An 11-year-old boy sustained injury to the right knee following fall from a tree. Initially, he was taken to an osteopath and presented to us 2 weeks later with a swollen right knee and inability to bear weight on the affected lower limb. On examination, his knee was tender and any attempted movements at the knee were severely painful and restricted. There were no signs of any external wound. Distal pulsations were well felt and there was no distal neurovascular deficit. Antero-posterior and lateral radiographs revealed a coronal plane fracture of the distal femur (Fig. 1). Although a Computed Tomography (CT) scan was desirable to evaluate the fracture morphology, it could not be done for technical reasons.

Fig. 1.

Fig. 1

Pre-operative radiographs

The patient was posted for open reduction and internal fixation. With patient in supine position on a radiolucent top simple operation table, under spinal anaesthesia and tourniquet control, the knee was exposed using the swashbuckler approach. We were expecting a coronal plane fracture of the distal femur and were surprised to find a conjoint bicondylar Hoffa fracture along with a sagittal split of the lateral condyle. The Hoffa fragment was posteriorly and proximally displaced, and since it was 2-week post injury, initially we faced some difficulty but finally managed to reduce the fragment back into place. The lateral condylar fragment was then reduced and provisionally fixed using multiple kirschner wires. The conjoint Hoffa fragment was fixed using lag screw technique with two 4 mm cancellous screws placed antero-posteriorly in the lateral condyle and one antero-posterior 4 mm cancellous screw and one Herbert screw placed postero-anteriorly in the medial condyle.

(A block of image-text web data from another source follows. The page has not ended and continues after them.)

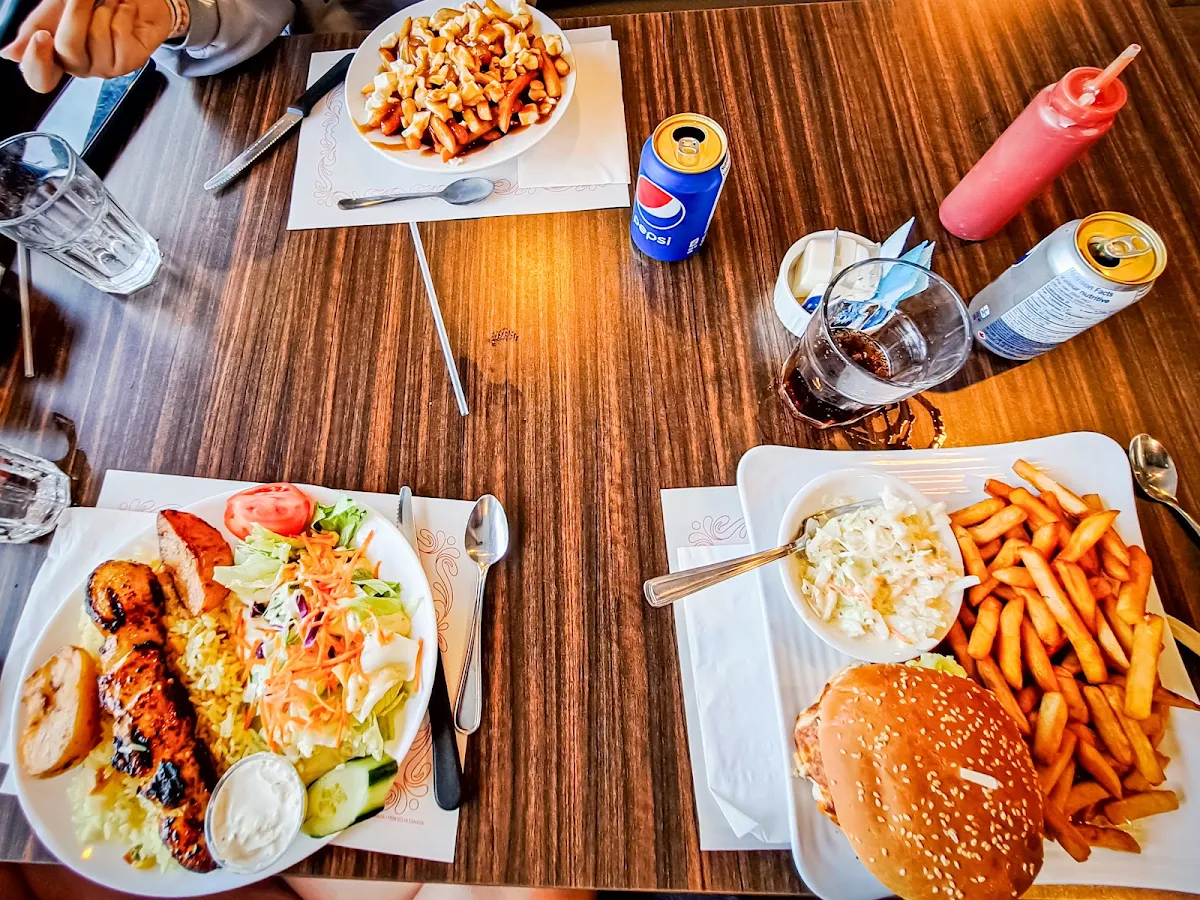 Poutine Souvlaki Poulet Hamburgers Med
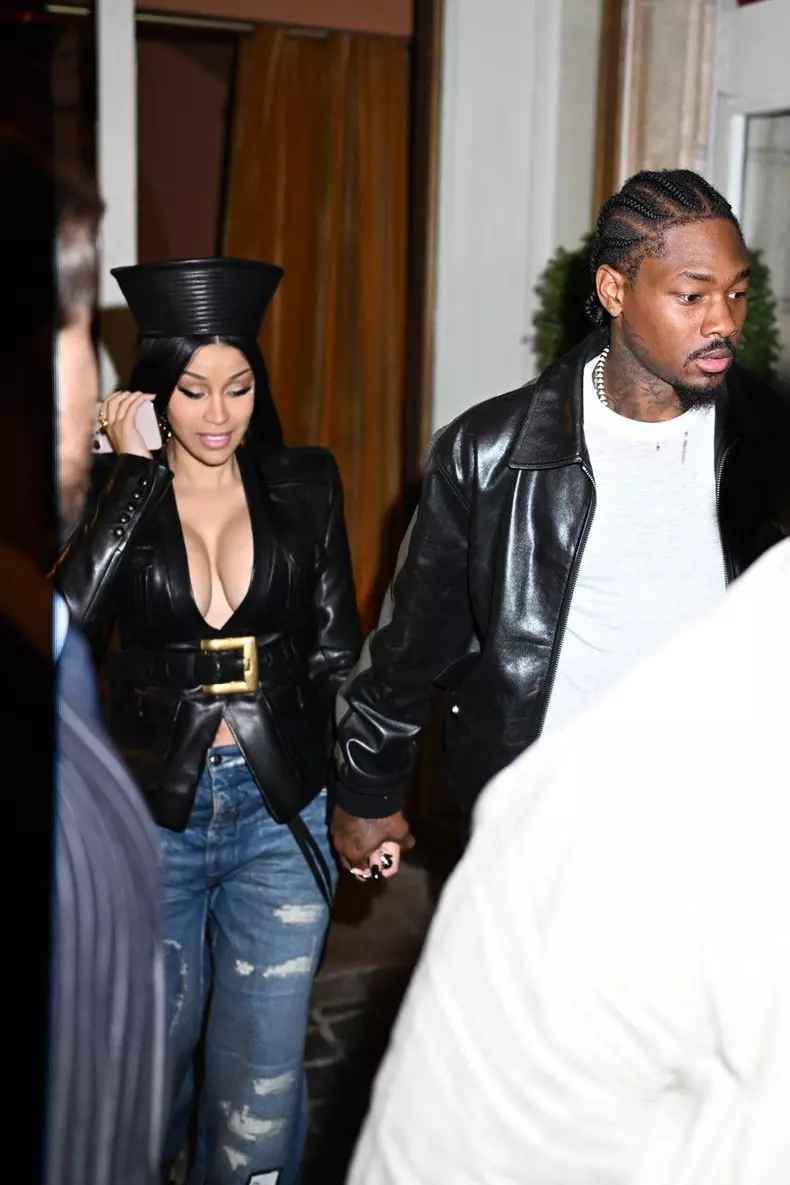 Exclusif - Cardi B et son compagnon Stefon Diggs sortent du restaurant Siena Paris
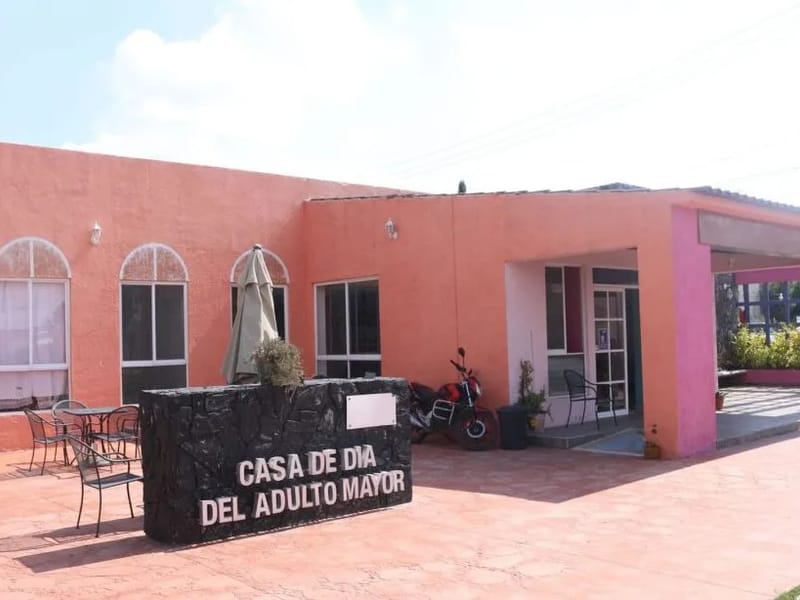 CASA DE DIA DEL ADULTO MAYOR MARIPOSAS EN OTOÑO - Hogar de Ancianos in Valle De Chalco Solidaridad, Estado de México photo 1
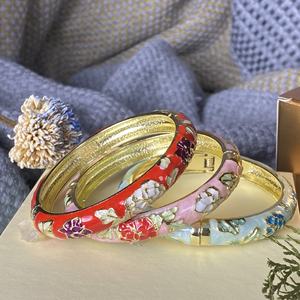 กำไลข้อมือเคลือบลายโบราณ พระราชวังต้องห้าม ประดับด้วยหยกแท้ งานฝีมือประณีต ของที่ระลึกสำหรับการเดินทาง ป้องกันการหมองคล้ำ สำหรับผู้หญิง - Product Image 2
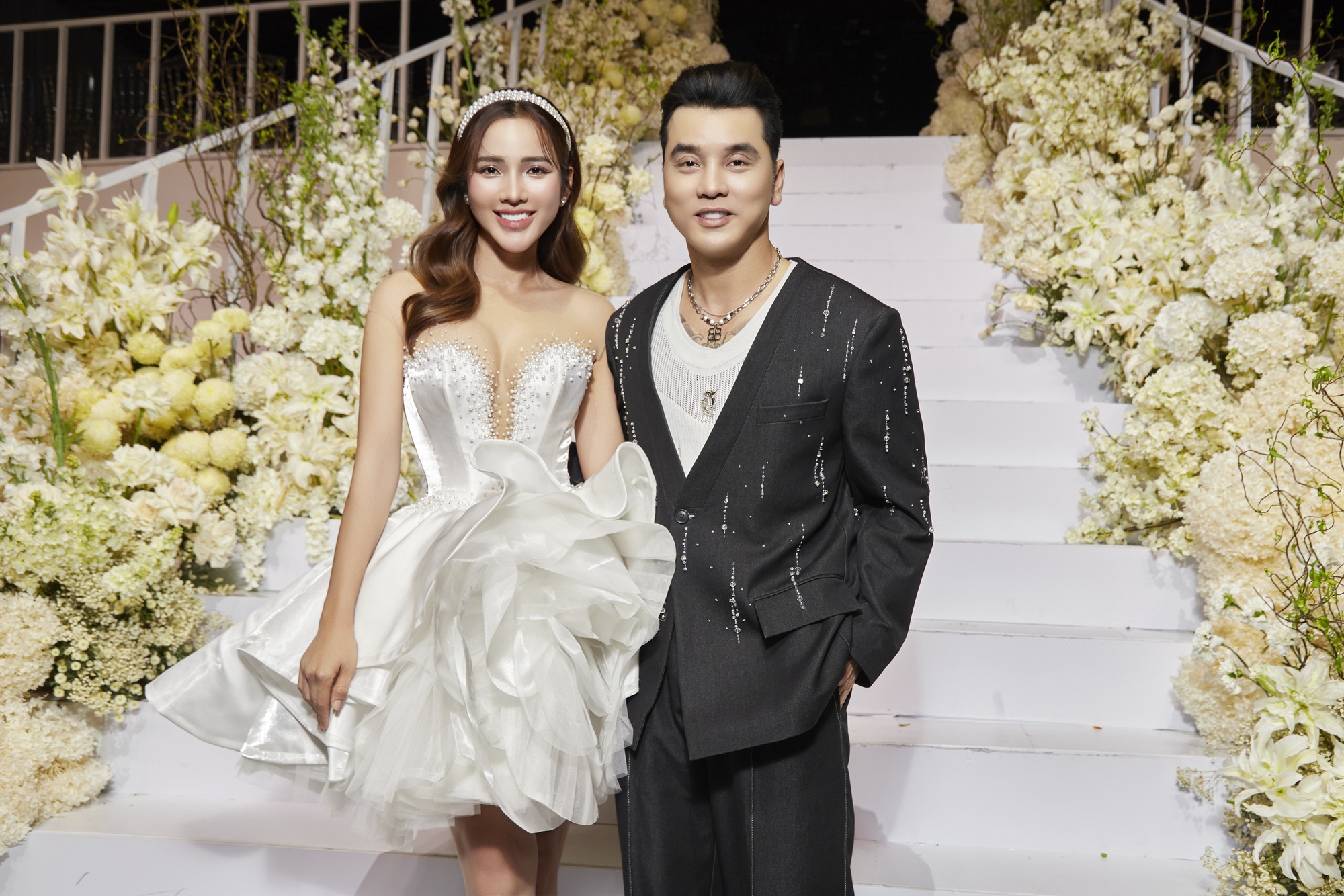 Ưng Ho&agrave;ng Ph&uacute;c lịch l&atilde;m, s&aacute;nh đ&ocirc;i b&ecirc;n b&agrave; x&atilde; trẻ đẹp như g&aacute;i đ&ocirc;i mươi tr&ecirc;n thảm đỏ- Ảnh 3.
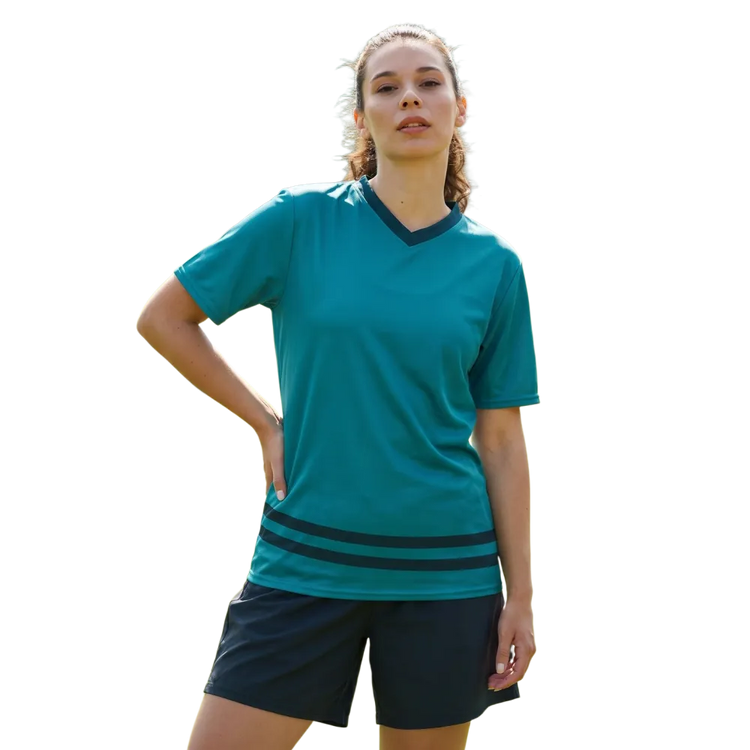 Unisex Fußball T-Shirt mit V-Ausschnitt, schnelltrocknend, personalisierbar, in verschiedenen Größen, von BUYATHOME24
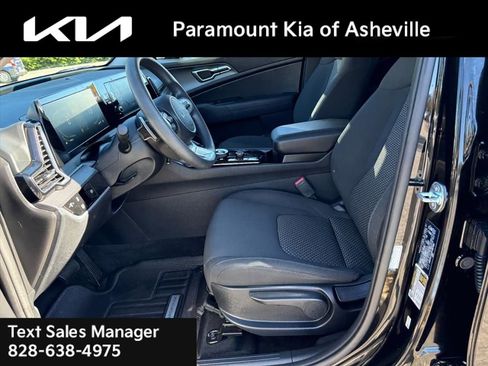 Used 2023 Kia Sportage LX image 15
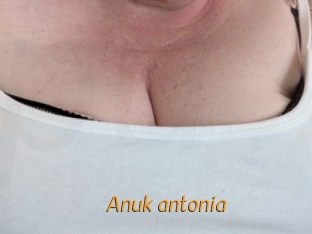 Anuk_antonia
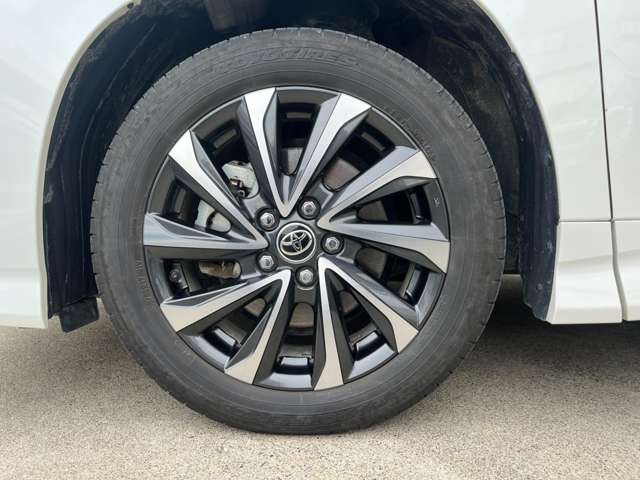 Toyota Voxy 13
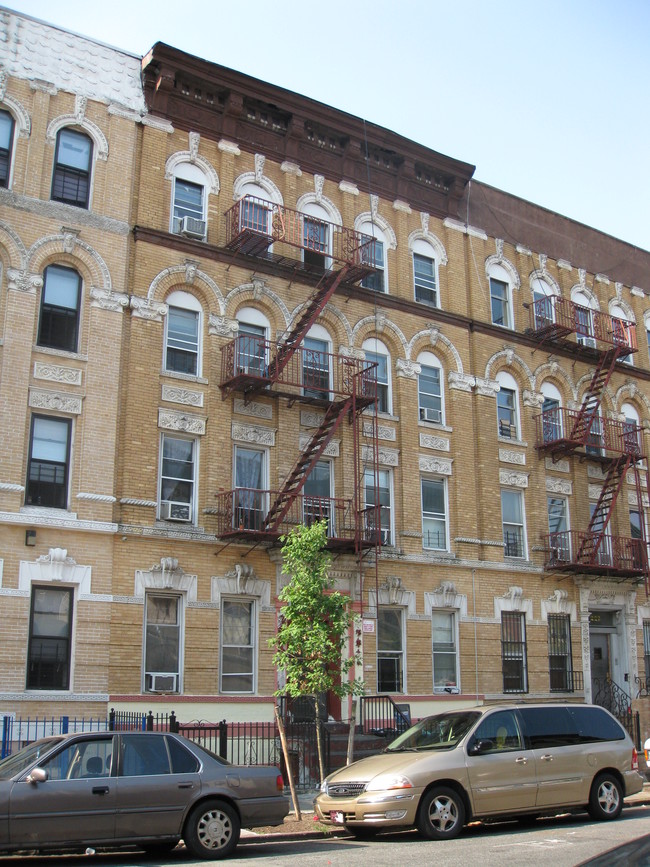 226 Pulaski Street in Brooklyn, NY - Building Photo - Building Photo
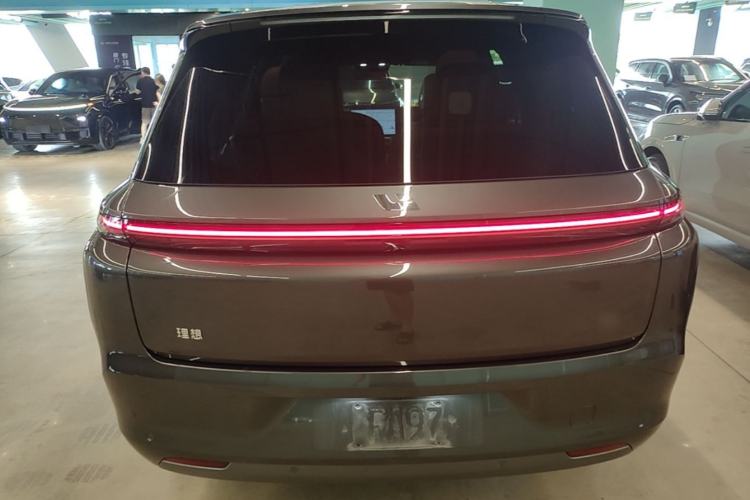 Li Auto L8 2025 — 5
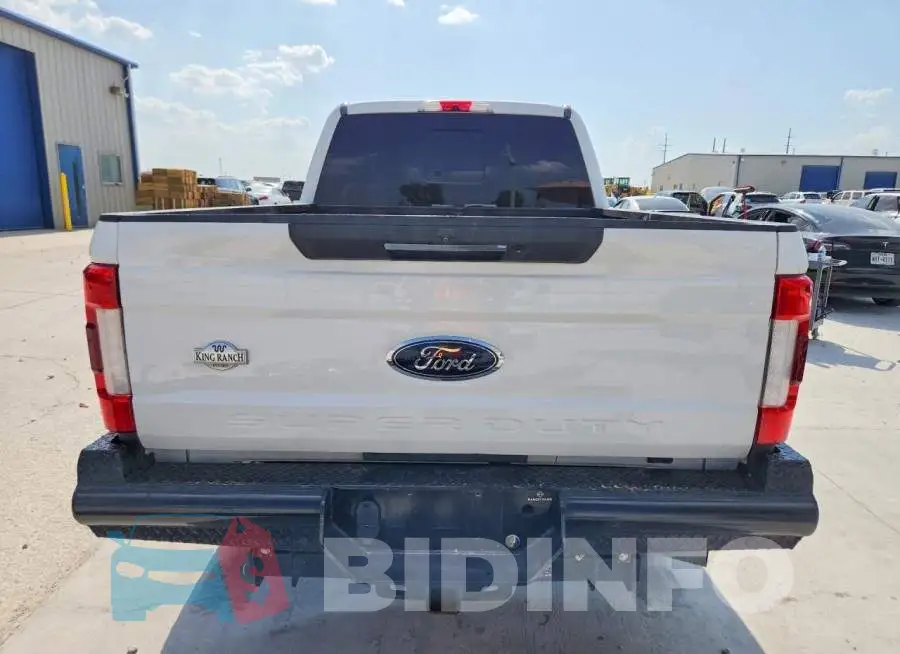 1FT7W2BTXKEG70127 Photo# 6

The lateral condylar sagittal fragment was then fixed using two 4 mm cancellous lag screws placed in a lateral to medial direction (Fig. 2). The knee was stable post fixation and there was no evidence of any obvious ligamentous injury.

Fig. 2.

Fig. 2

Intra-operative pictures (a, b) showing conjoint bicondylar Hoffa fracture with sagittal split of lateral condyle, c after reduction and fixation with lag screws

Post-operative radiographs revealed good reduction and fixation (Fig. 3). Knee was immobilised in an above knee plaster slab and the patient was allowed to walk non weight bearing using a walker. The surgical wound healed uneventfully and sutures were removed at end of 2 weeks following which knee range of motion was started. Partial weight bearing was started after 6th post-operative week, gradually increasing to full weight bearing by 12th week. At post-operative 3 months, patient had 10° extensor lag and flexion up to 120° (Fig. 4) which improved with rehab. At final follow-up, patient had full range of motion at right knee (Fig. 5a, b). Radiographs at the 2- and 3-year follow-up showed that the fracture had healed well; however, due to the nature of the injury, premature closure of the distal femoral physis was seen (Figs. 6, 7). Consequently, at final follow-up patient had a limb shortening of about 1.5 cm, without any obvious deformity (Fig. 8). The child needs to be observed till skeletal maturity and intervention may be needed to address the final limb length discrepancy in future. Patient consented to use of his details and images for publication.

Fig. 3.

Fig. 3

Post-operative radiographs

Fig. 4.

Fig. 4

Clinical picture showing range of motion at knee, 3-month post-surgery

Fig. 5.

Fig. 5

a, b Clinical picture at final follow-up showing full knee range of motion

Fig. 6.

Fig. 6

Two-year post-operative radiographs showing good healing but with premature physeal closure

Fig. 7.

Fig. 7

Three-year post-operative radiographs

Fig. 8.

Fig. 8

Clinical picture at final follow-up showing no deformity, complete knee extension and minimal limb shortening

Discussion

The Hoffa fracture which is a coronal plane fracture of the femoral condyle was first described by Friedrich Busch in 1869 and later by Albert Hoffa in 1904 [5]. Shearing force to the posterior femoral condyle as well as a direct impact and vertical shear with twisting mechanism has been proposed to cause this injury [3]. When the hyper-flexed knee is subjected to a posterior and upward directed force without any varus or valgus component, it may lead to a Hoffa fracture involving both the lateral and medial condyle as separate fragments. With the knee in slightly less flexion, it leads to a conjoint bicondylar Hoffa fracture, where the fractured fragment consists of both the lateral and medial condyle joined by a bridge of intact bone [3]. This injury pattern is rare in adults and extremely rare in children with only three cases of closed, isolated, conjoint bicondylar Hoffa fracture reported in paediatric population till date. Our patient had a complex variant of a conjoint bicondylar Hoffa with a sagittal split of the lateral femoral condyle and this type of injury has not been reported in literature till date. When the patient fell from the tree, he landed with a semiflexed knee onto the ground, with the lateral condyle striking first leading to a sagittal split of the lateral femoral condyle. The injury force continued resulting in a conjoint bicondylar Hoffa fracture.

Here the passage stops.